RECORDS SHOWN:
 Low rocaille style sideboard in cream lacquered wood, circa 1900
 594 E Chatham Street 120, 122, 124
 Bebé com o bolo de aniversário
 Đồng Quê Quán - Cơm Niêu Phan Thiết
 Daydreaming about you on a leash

---

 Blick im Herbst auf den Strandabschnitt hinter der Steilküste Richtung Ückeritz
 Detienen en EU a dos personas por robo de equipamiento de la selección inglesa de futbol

YOUR TASK: Please give back exactly the lines of the listing above that run from the one containing "594 E Chatham Street 120, 122, 124" through the one containing "Daydreaming about you on a leash", and only those.

RESPONSE TO THE TASK:
 594 E Chatham Street 120, 122, 124
 Bebé com o bolo de aniversário
 Đồng Quê Quán - Cơm Niêu Phan Thiết
 Daydreaming about you on a leash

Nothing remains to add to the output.